Sunday, November 02, 2008

Resuming Sunday Plath

Metaphors

I'm a riddle in nine syllables.
An elephant, a ponderous house,
A melon strolling on two tendrils.
O red fruit, ivory, fine timbers!
This loaf's big with its yeasty rising.
Money's new-minted in this fat purse.
I'm a means, a stage, a cow in calf.
I've eaten a bag of green apples,
Boarded the train there's no getting off.

Sylvia Plath
March 20th 1959


This is more of an exercise than a poem, but a delightful thing it is. Plath was at Yaddo then, and on the verge of a poetic breakthrough; one that would give rise to a nascent
Ariel voice that would later provide her with a torrent of good poems.

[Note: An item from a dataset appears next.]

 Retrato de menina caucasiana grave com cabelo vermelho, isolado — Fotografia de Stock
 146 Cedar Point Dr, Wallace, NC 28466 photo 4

But first she produced this aptly titled little nine-by-nine square poem.



Another work from this period, the seven-part Poem for a Birthday, and in particular its last section, The Stones, generally are considered to be the marking-point of something new and original arising in Plath's work. Coincidentally, it's dated "4 November 1959."

Let us hope.

1 comment:

Dominic Rivron said...

"Metaphors" has been a favourite of mine for years. It's a wonderful poem, I think, and, for me, it's formal symmetry neither intrudes nor detracts from it.

I was, incidentally, in Heptonstall churchyard (where Plath is buried)only last week.